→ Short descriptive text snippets

%%

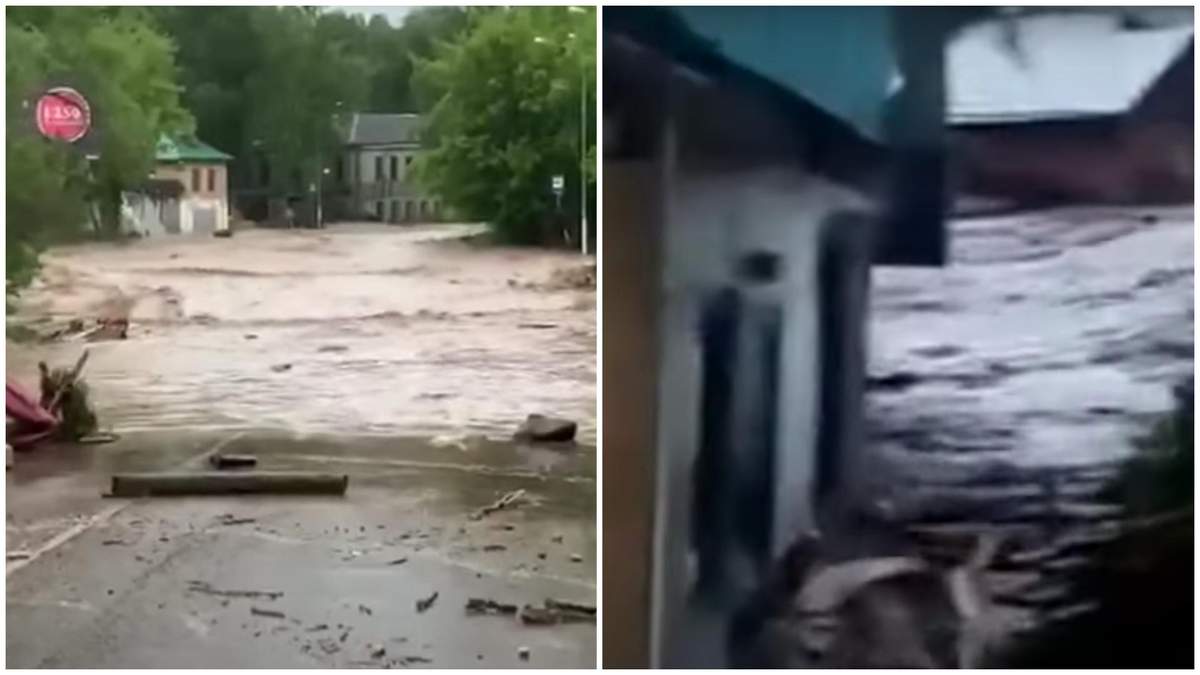 Потоп под Москвой: прорвало дамбу, снесло дома и деревья – видео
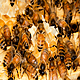 Are bee's sentimental beings?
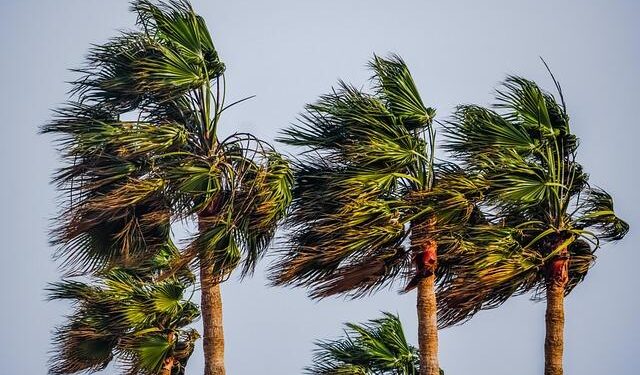 Tropical Storm Sara forms in the Western Caribbean, threatens Honduras – Yale Climate Connections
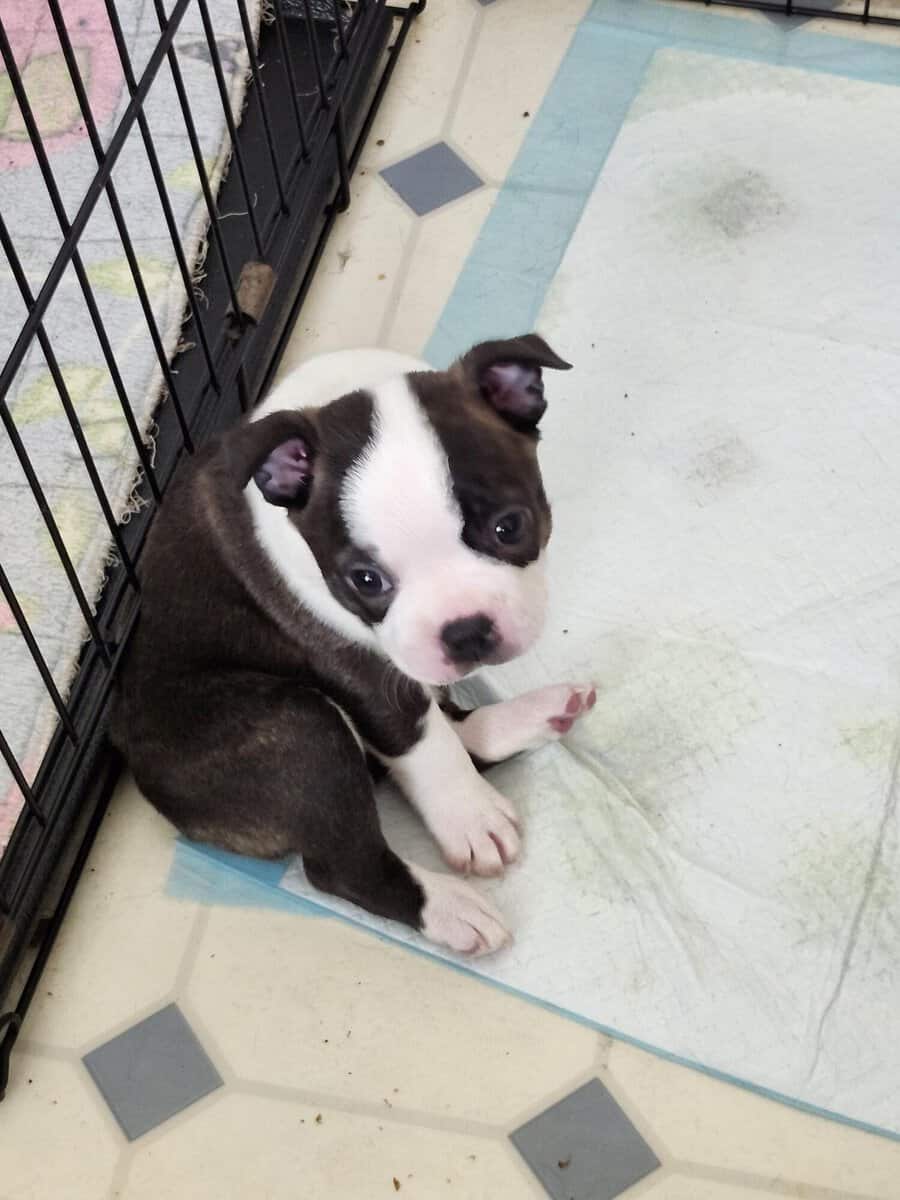 Boston Terrier Babies image 1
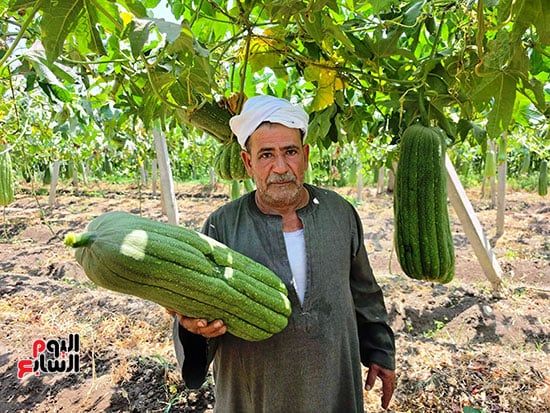 اللوف-يزين-الغيطان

%%

Of the entries above, print exactly those lines that run from the one containing "Boston Terrier Babies image 1" through the last line, excluding any pictures.

 Boston Terrier Babies image 1
 اللوف-يزين-الغيطان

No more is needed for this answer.